To assert or not to assert

(or rather: how & when to assert). Assertion is probably one of my favourite programming tools, however there are still few areas that I’m not entirely sure how to solve in an optimal way. First, let’s start with things that I’m rather convinced about, few simple guidelines for my ideal assert macro (funnily enough, during my career I’ve never seen implementation respecting all those rules at once):

  • when it breaks into debugger make sure it stops in the same line assertion actually failed, not two hierarchy levels down (so every time it’s triggered one has to rewind first to see what’s wrong exactly)! Simple rule, yet I’d say it’s only 50% chance in a typical codebase to be implemented this way (I think the record I’ve seen is 3 callstack levels away, that’s also how default MSVC assert behaves).
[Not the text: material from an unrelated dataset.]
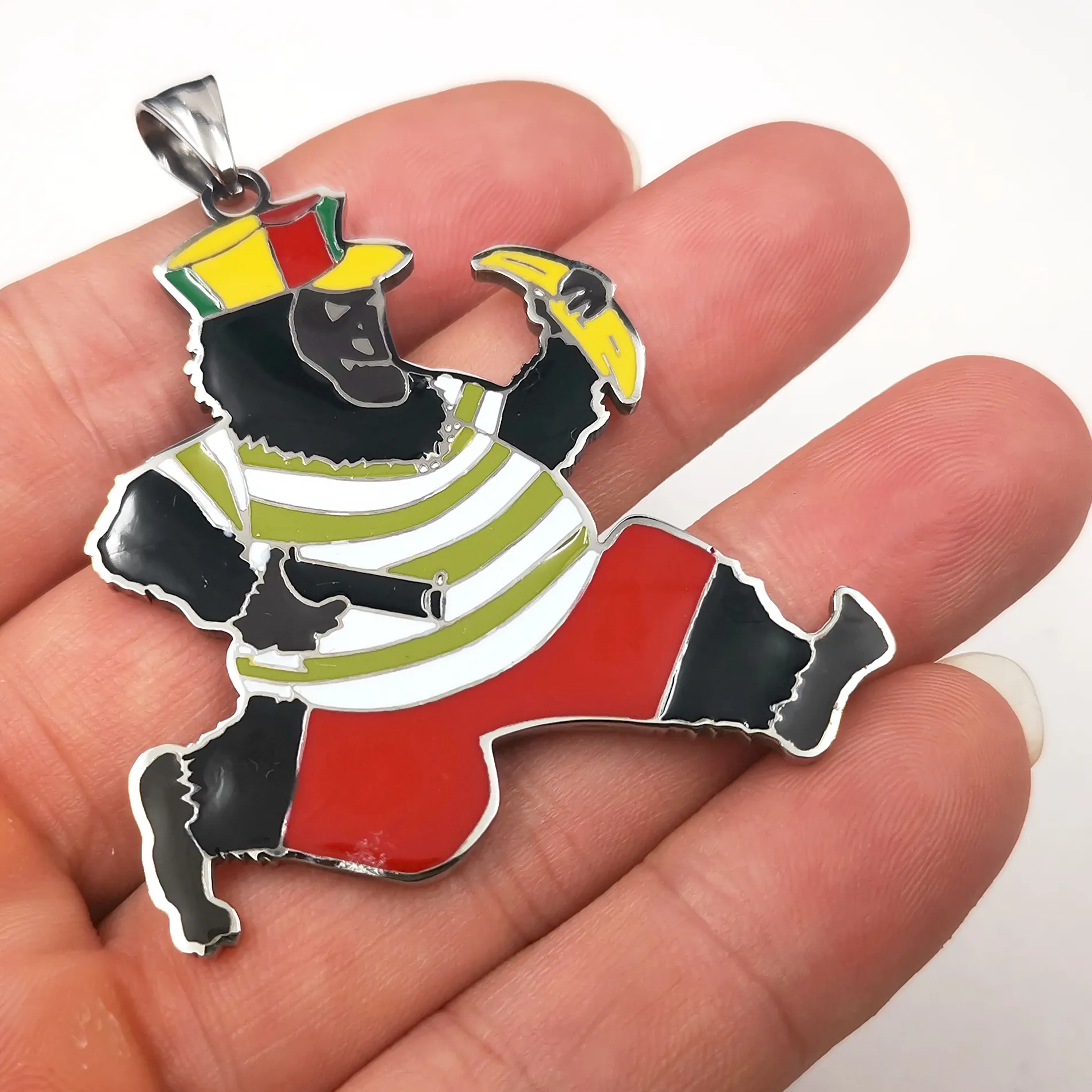 Authentic Mens Large 2 inch ICP Ape Boy Charms Juggalo Pendant Charms Stainless steel Necklace Ball chain 3mm 30 inch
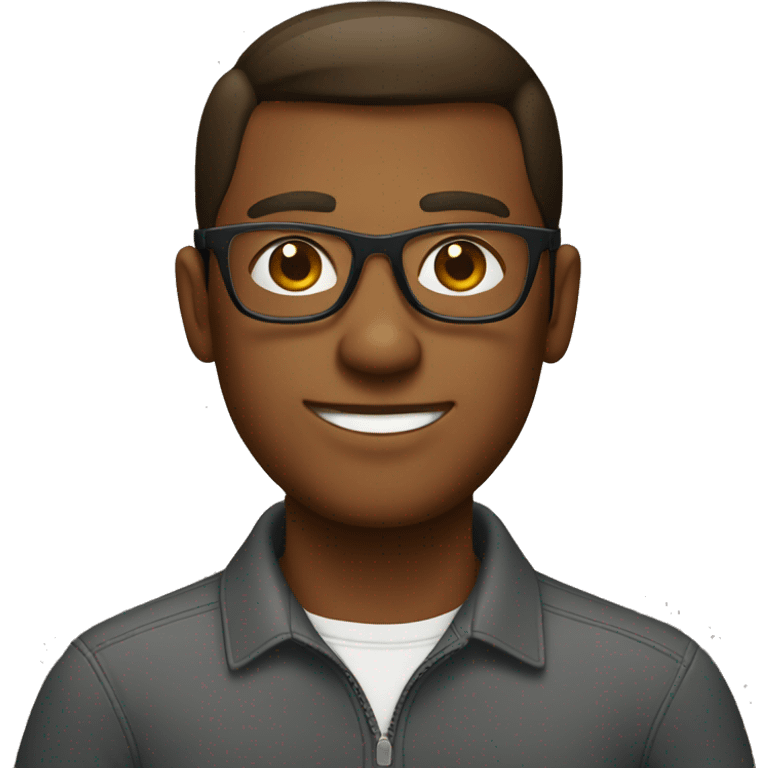 male with glasses in shop emoji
Easiest way to do it:

    // (assertion macro)
    do
    {
        if (!(expr))
        {
            if (!AssertionFailureHandler(#expr, __FILE__, __LINE__))
                BREAK_TO_DEBUGGER;
        }
    } while (false)
    All your fancy code (logging etc) goes into handler, then return false (true/code/whatever you like) to indicate we should break to debugger.

  • Use per-module/per-level assertions. The way I like to do it is to have a ASSERT_ALWAYS macro for generic assert implementation. Then, global ASSERT macro that can be disabled in some builds/enabled in other, ASSERT_PEDANTIC that’s only enabled in ‘very debug’ builds, then per-module assertions, which can be enabled/disabled independently from global settings. This way I can quickly build, say, only math library with assertions enabled (all those: ASSERT(x >= 0) in sqrt wrappers etc) while hunting for obscure calculation bugs etc.

  • Assertion overhead should be as little as possible. Sure, it is a debugging tool, but at the same time we should try to avoid bringing whole application to crawl whenever we enable it. Usually, it’s platform specific, so refer to documentation/tutorials. For X360, there’s publicly available Gamefest 2008 presentation by Bruce Dawson himself - ‘Xbox360 Compiler and PgoLite Update. Making your code faster, with little effort’. Microsoft tends to change document locations all the time, so I don’t dare to put links here, Google should help.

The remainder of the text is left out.